All records are to be restated word for word, with pictures excluded.
***** Exercise inputs
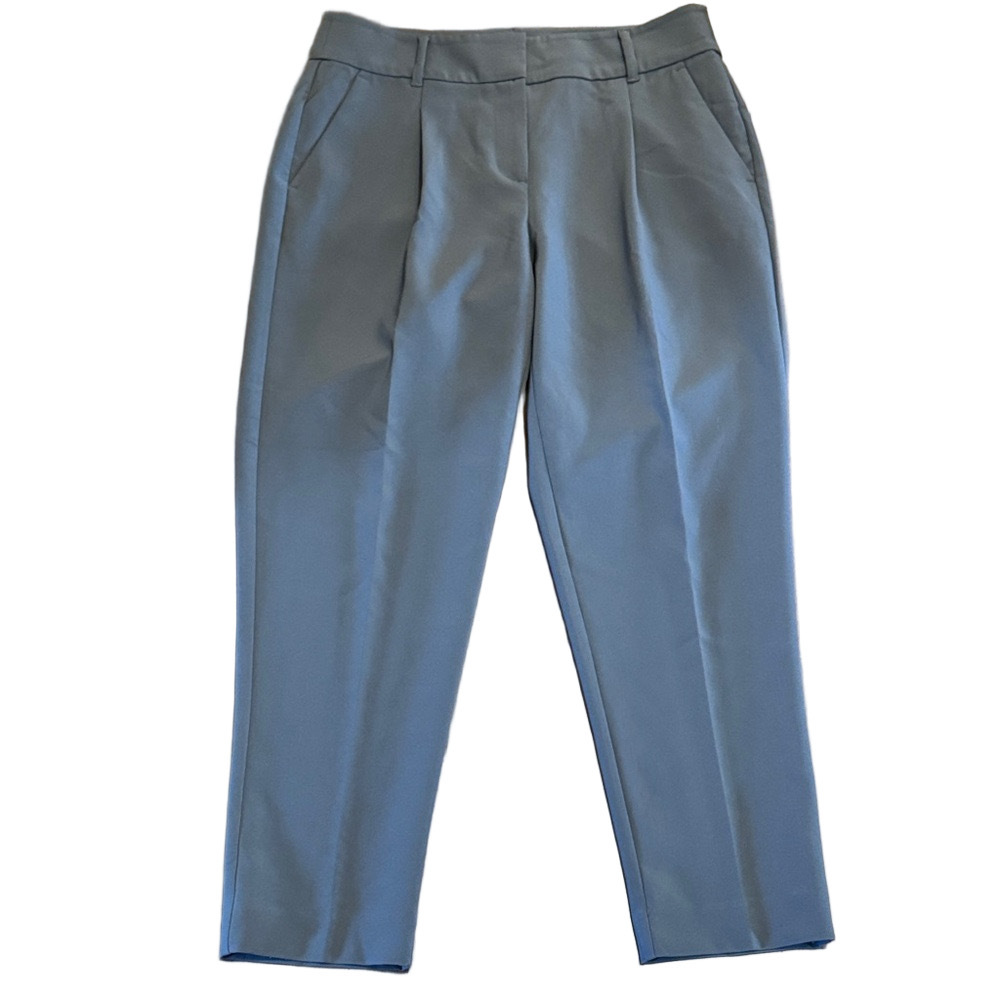 LOFT Slate Blue Straight Leg High-Rise Pleated Dress Pants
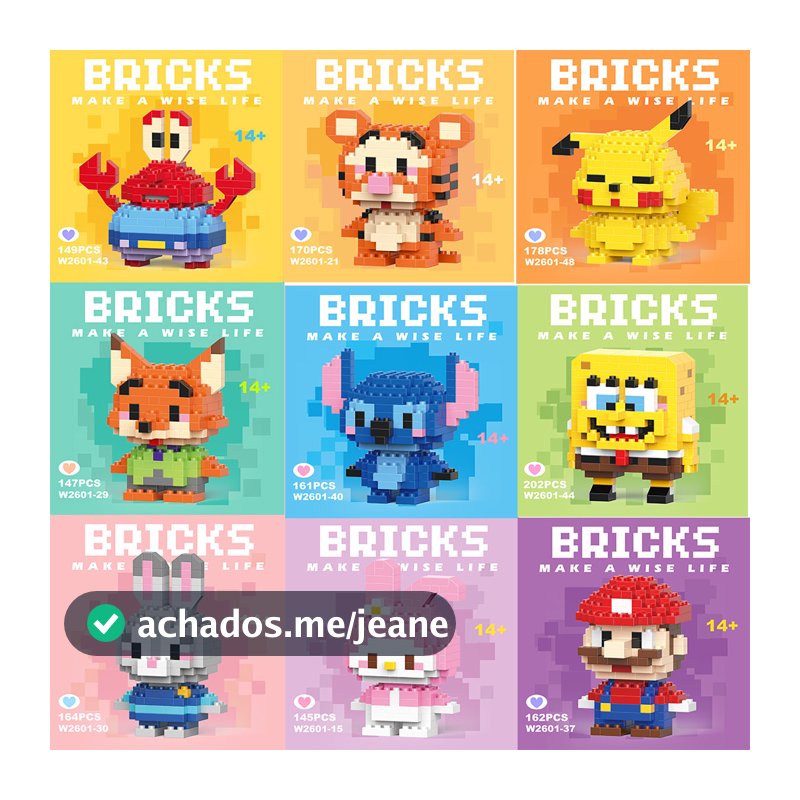 Bloco de Montar Figura Desenho Animado, Brinquedo Educativo para Meninos e Meninas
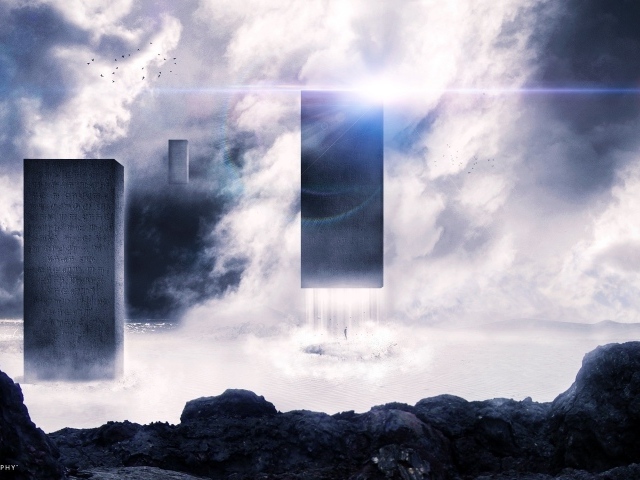 Блоки с надписями парят в воздухе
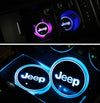LED Car Cup Holder Lights 7 Colors Changing USB Charging Mat for Jeep (2 PCS)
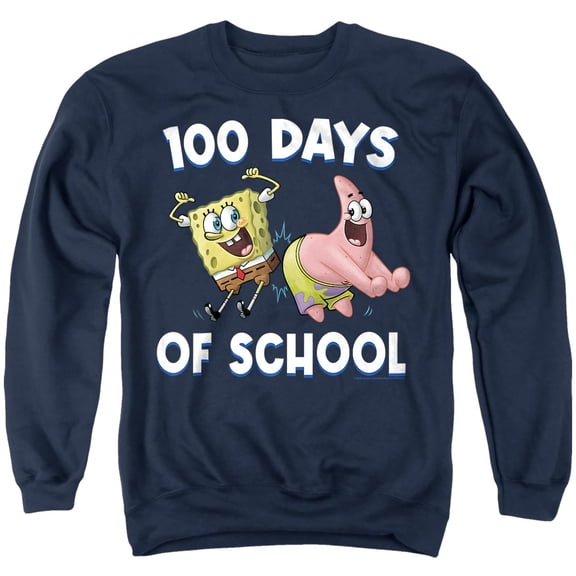SpongeBob Patrick 100 Days of School Unisex Adult Crewneck Sweatshirt, Navy, Large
**********
* _Solution for this problem_
 LOFT Slate Blue Straight Leg High-Rise Pleated Dress Pants
 Bloco de Montar Figura Desenho Animado, Brinquedo Educativo para Meninos e Meninas
 Блоки с надписями парят в воздухе
LED Car Cup Holder Lights 7 Colors Changing USB Charging Mat for Jeep (2 PCS)
SpongeBob Patrick 100 Days of School Unisex Adult Crewneck Sweatshirt, Navy, Large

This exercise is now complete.